_DATASET EXCERPTS_:
[Start of section]

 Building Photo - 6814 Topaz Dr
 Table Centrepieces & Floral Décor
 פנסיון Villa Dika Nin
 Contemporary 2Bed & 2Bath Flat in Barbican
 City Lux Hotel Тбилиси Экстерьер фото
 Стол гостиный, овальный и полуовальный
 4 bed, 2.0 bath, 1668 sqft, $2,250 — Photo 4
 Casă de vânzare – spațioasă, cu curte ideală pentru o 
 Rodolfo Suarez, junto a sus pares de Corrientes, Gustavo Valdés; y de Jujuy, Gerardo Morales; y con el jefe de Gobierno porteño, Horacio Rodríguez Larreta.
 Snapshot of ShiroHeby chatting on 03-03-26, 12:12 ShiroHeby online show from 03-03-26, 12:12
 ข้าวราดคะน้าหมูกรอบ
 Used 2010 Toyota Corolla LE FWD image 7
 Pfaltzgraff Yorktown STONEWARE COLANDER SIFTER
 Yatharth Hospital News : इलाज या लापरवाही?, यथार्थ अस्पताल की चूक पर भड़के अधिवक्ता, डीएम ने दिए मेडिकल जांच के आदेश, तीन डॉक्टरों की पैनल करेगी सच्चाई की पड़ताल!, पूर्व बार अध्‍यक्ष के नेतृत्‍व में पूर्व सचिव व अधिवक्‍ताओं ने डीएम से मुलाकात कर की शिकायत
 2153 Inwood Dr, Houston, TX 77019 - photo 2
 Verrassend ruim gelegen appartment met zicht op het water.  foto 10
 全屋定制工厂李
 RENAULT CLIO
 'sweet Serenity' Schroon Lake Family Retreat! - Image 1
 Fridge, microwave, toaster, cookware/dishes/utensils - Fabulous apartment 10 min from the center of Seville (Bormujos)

[End of section]

_ASSIGNMENT_:
Copy down the entries exactly, leaving out no line.

_SOLUTION FOR THIS EXERCISE_:
 Building Photo - 6814 Topaz Dr
 Table Centrepieces & Floral Décor
 פנסיון Villa Dika Nin
 Contemporary 2Bed & 2Bath Flat in Barbican
 City Lux Hotel Тбилиси Экстерьер фото
 Стол гостиный, овальный и полуовальный
 4 bed, 2.0 bath, 1668 sqft, $2,250 — Photo 4
 Casă de vânzare – spațioasă, cu curte ideală pentru o 
 Rodolfo Suarez, junto a sus pares de Corrientes, Gustavo Valdés; y de Jujuy, Gerardo Morales; y con el jefe de Gobierno porteño, Horacio Rodríguez Larreta.
 Snapshot of ShiroHeby chatting on 03-03-26, 12:12 ShiroHeby online show from 03-03-26, 12:12
 ข้าวราดคะน้าหมูกรอบ
 Used 2010 Toyota Corolla LE FWD image 7
 Pfaltzgraff Yorktown STONEWARE COLANDER SIFTER
 Yatharth Hospital News : इलाज या लापरवाही?, यथार्थ अस्पताल की चूक पर भड़के अधिवक्ता, डीएम ने दिए मेडिकल जांच के आदेश, तीन डॉक्टरों की पैनल करेगी सच्चाई की पड़ताल!, पूर्व बार अध्‍यक्ष के नेतृत्‍व में पूर्व सचिव व अधिवक्‍ताओं ने डीएम से मुलाकात कर की शिकायत
 2153 Inwood Dr, Houston, TX 77019 - photo 2
 Verrassend ruim gelegen appartment met zicht op het water.  foto 10
 全屋定制工厂李
 RENAULT CLIO
 'sweet Serenity' Schroon Lake Family Retreat! - Image 1
 Fridge, microwave, toaster, cookware/dishes/utensils - Fabulous apartment 10 min from the center of Seville (Bormujos)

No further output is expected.